The neighborhood has been around since the mid-1990s, before the dairy farm started operating in 2011.
Retired veterinarian Dr. Rhea Morgan, a Country Lane resident, said residents feel the project is impinging on the rights.
“We were very, very pleased when UT bought the farm and said they were moving ... there, because we thought they would be very good stewards of the land, that there was not going to be any developer buying it and putting 500 ‘McMansions’ up,” Morgan said.

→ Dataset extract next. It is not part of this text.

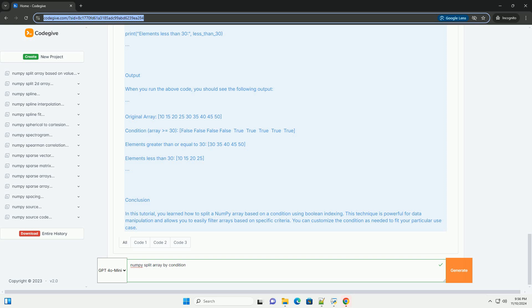Output: When you run the above code, you should see the following output. Conclusion: In this tutorial, you learned how to split a NumPy array based on a condition using boolean indexing. This technique is powerful for data manipulation and allows you to easily filter arrays based on specific criteria. You can customize the condition as needed to fit your particular use case.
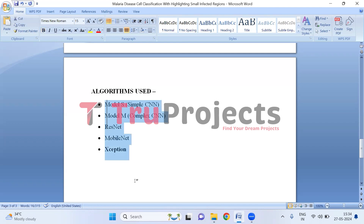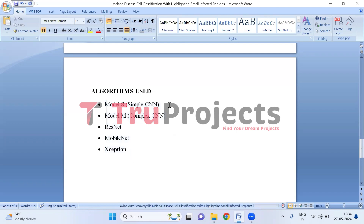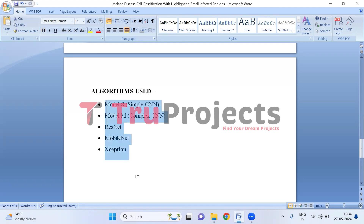These are the algorithms built in the project: Model S (Simple CNN), Model M (Complex CNN), ResNet, MobileNet, and Xception. We built all these algorithms to compare performance with different evaluation metrics like accuracy, precision, recall, and F1 score. The Xception model outperformed the other models and that is the reason we have deployed it in the front end.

But now they are concerned their overlook view will be permanently affected. “To hear that clear-cutting like this is OK was a shock to me,” she said.
Edwards she was concerned not only about erosion, but about displaced species. “I would ... hope that they hire an expert in ecological restoration to guide the re-vegetation of the property with appropriate native species,” she said.
Morgan said she already had seen wild pigs in places around the neighborhood where they had not been before.
UT officials said they are working with forest management consultants America Forest Management to help with oversight.
“Our overall mission is three pronged: teaching, research and outreach,” Simpson said. “We strive to be good neighbors and good stewards of the land and we take pride in that.”